Blinkende Lichter, ohrenbetäubende Musik und der altbekannte Spruch "Wer hat noch nicht, wer will noch mal". Kirmes. Meist will man noch mal. Noch mal eine Bratwurst an der Fressbude futtern, noch mal im Riesenrad übers Städtchen blicken, noch mal beim Rückwärtsgang im Breakdancer die Bratwurst-Einfuhr verfluchen. Im Getümmel ist der gedankliche Weg zu einer beschaulichen Malerei-Ausstellung weit. Und doch findet sich auf jedem Rummelplatz Kunst en masse.

Uwe Elfering aus Laer gestaltet diese Kunst. Als Karussellmaler gibt er Fahrgeschäften und Fressbuden einen neuen Anstrich. Dabei wird nicht nur ein bißchen bunte Farbe aufgetragen – es geht um Konzepte, Themen und Trends. Mit geübter Hand und gerunzelter Stirn bringt Elfering Ideen mit bunten Stiften zu Papier.

Grundlage: Kundenwünsche
Technische Gegebenheiten und Kundenwünsche sind die Grundlage seiner Zeichnungen. Von den Entwürfen wird dann per Hand auf die Objekten übertragen und danach mit der Spritzpistole ausgemalt. „Im Prinzip ist es wie beim Auto lackieren, nur größer. Es wird geschliffen, grundiert, gefüllert damit eine homogene Fläche entsteht, die schnellweiß wie ein Blatt Papier ist.

Dann zeichnen wir mit dem Bleistift vor und am Ende kommt Airbrush drauf“, vergleicht der Kirmeskünstler. Mit seiner Arbeit ist der 45-Jährige in die kreativen Fußstapfen seines Vaters getreten. „Ich bin da so reingewachsen, habe die künstlerische Ader geerbt. Eigentlich wollte ich Ingenieur für Fahrzeugbau werden, aber mein Vater hat mich überredet.“ Bereut hat der gelernte Schilder- und Lichtreklamehersteller diese Entscheidung für die „Knochenarbeit“ nie: „Es ist keine Alltagsarbeit, das ist das Schöne daran.“

Zwei Monate ein Karussell bemalt
Seit der Übernahme der Firma im Jahr 1999 fertigt der Objektmaler „von der kleinsten Kleinigkeit, wie Schildern für Weihnachtsmärkte, bis zu Riesenrädern“ alles. Und die Arbeit an den Schausteller-Raritäten ist zeitintensiv: „Ein kleiner Wagen dauert zirka 14 Tage, im Winter hat ein großes Karussell zwei Monate gestanden“, erzählt der erfahrene Airbrush-Künstler, der in der Branche schon Einiges erlebt hat.

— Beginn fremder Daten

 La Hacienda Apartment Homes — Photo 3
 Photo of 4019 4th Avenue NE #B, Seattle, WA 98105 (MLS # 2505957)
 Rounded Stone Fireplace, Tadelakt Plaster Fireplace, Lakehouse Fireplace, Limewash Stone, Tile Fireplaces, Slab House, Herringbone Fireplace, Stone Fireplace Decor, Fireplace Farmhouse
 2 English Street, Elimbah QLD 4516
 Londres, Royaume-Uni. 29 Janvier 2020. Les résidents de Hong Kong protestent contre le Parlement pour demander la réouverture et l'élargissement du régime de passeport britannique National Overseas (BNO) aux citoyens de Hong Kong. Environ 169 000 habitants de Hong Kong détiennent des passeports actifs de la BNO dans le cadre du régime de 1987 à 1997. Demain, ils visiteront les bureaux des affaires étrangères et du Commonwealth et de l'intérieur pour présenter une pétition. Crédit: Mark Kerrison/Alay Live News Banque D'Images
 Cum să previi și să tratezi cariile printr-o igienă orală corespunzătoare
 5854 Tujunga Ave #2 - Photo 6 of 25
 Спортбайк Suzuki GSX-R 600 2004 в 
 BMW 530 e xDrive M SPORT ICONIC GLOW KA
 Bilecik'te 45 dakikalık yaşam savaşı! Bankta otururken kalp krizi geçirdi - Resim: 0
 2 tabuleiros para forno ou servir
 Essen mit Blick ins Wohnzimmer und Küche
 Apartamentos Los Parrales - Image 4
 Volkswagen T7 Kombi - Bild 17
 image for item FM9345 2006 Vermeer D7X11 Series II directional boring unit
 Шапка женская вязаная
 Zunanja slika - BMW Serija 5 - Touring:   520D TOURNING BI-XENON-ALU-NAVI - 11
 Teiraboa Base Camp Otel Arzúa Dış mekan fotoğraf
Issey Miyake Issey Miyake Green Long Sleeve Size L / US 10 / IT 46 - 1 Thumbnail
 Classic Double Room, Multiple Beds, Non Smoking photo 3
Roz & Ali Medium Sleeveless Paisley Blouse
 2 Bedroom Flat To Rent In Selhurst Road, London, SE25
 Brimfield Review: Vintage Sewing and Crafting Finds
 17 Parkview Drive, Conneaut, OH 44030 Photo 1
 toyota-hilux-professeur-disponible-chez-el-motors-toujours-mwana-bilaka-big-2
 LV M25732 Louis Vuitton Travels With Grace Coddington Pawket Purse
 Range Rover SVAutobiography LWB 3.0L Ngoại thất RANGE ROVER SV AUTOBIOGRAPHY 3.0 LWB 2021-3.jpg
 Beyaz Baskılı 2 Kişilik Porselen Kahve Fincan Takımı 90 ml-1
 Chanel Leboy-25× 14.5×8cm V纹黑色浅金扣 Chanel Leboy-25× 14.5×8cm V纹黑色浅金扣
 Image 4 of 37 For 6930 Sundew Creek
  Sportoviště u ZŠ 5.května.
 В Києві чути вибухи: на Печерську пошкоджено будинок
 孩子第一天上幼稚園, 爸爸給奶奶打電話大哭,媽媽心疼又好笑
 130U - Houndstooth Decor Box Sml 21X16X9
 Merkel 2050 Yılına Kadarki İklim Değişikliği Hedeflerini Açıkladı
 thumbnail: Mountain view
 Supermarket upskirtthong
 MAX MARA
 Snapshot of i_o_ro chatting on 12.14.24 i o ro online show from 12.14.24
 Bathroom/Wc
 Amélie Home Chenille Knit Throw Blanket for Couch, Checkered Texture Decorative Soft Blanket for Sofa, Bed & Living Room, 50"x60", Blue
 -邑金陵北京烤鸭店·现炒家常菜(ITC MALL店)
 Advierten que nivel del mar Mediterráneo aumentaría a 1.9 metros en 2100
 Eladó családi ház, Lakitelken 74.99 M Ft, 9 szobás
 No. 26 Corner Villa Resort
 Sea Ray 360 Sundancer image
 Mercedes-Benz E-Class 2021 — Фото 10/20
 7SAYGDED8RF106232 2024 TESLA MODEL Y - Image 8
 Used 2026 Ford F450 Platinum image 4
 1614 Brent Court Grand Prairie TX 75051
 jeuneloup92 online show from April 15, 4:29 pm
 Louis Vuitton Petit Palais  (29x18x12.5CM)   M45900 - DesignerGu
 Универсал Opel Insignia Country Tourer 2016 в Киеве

„Eigentlich ist jeder Kunde eine Anekdote für sich, anders als bei den Industriekunden“, meint der Firmeninhaber: „Einmal sind wir mit drei Leuten nach Hessen gereist und haben einen Pizzawagen, der dringend zum Einsatz mußte, an einem Wochenende fertig gemacht.“ Und natürlich hat auch der Lack-Profi seine Steckenpferde: „Kinderkarussells, da kann man dann in Märchenbüchern blättern und tolle Motive finden.“

Jugendstil von Spiderman verdrängt
Die Dekorationen von Fahrgeschäften und Verkaufsbuden spiegeln dabei auch den Zeitgeschmack. Waren früher Schmuckelemente aus der Zeit des Barock oder Jugendstils populär, dominierten zwischenzeitlich Neonfarben die Fassaden, heute sind die Fahrgeschäfte mit Spiderman- und HipHopszenen Zeitzeugen der aktuellen Film- und Musikindustrie.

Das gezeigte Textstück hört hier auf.